Scenario 2: Echo API in WSO2 API Manager and 1 second Think-Time

The test mentioned in Scenario 1 was repeated with a 1 second think-time. This means that there is a one second gap in between the requests sent by a user (in JMeter). In a realistic scenario, there will always be some think-time in between requests. This test was done to understand the performance of WSO2 API Manager when there is a think time.

There is no delay in the backend service.

Comparison - Echo API with no think-time vs. 1sec think-time

Throughput with 1 second think-time is much less than the throughput without the think time. Adding a think-time reduces the arrival rate of the requests.

Latencies of requests are better as the arrival rate of requests is low.

Load average is also much better due to the low arrival rate of requests.

Conclusion

We analyzed the performance of WSO2 API Manager using 100, 200, 300, 1k, 2k, and 3k threads using 1, 5, and 30 second backend delay.
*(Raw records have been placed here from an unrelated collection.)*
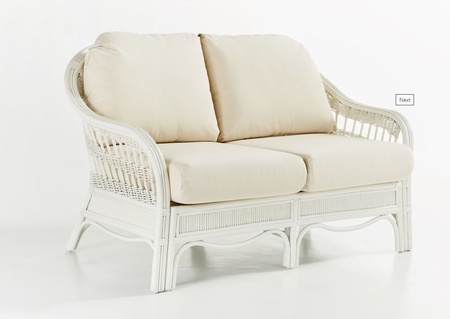 South Seas Rattan Bermuda Loveseat Replacement Cushions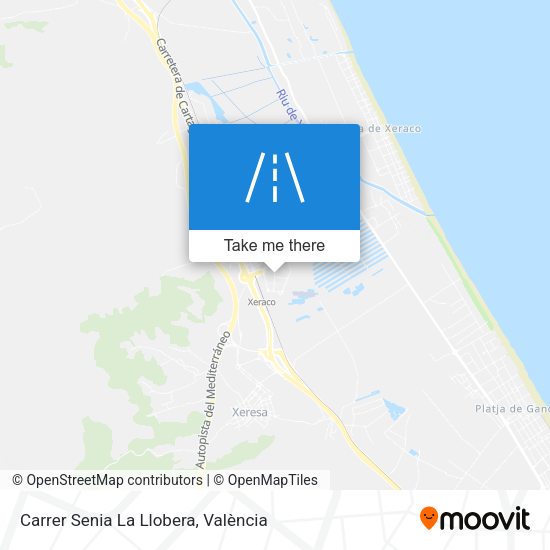 Carrer Senia La Llobera map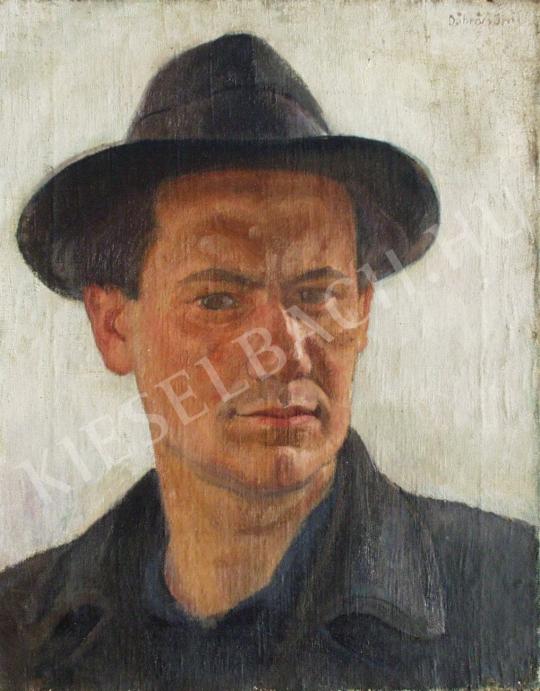 Döbröczöni Kálmán - Önarckép, 1940 festménye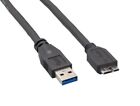 High Speed Micro Usb 3.0 To Micro B Male Cable for External Hard Drive Disk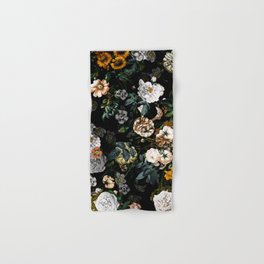 Floral Night Garden Hand & Bath Towel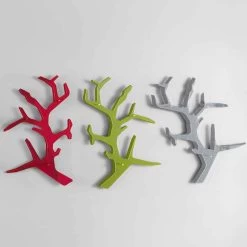 Wandplank Van Plexiglas Met Kapstokken Made In Italy - Neon -Kortingswinkel voor woondecoratie mensola da parete in plexiglass con ganci appendiabiti made in italy neon 15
Except for increasing the heap size of API Manager, there were no other specific optimization techniques (i.e., performance tuning) used to optimize the performance of WSO2 API Manager. We only increased the heap size to 4GB from 2GB, which is the default.

When there is no “think-time” added after a request, it means that for example when there are 2000 concurrent users, each user will send the next request as soon as she gets a response for the previous request. In a realistic scenario, there will always be some think-time in between requests. Therefore, with that the latency numbers obtained are much better. The load average is also much better with think-time.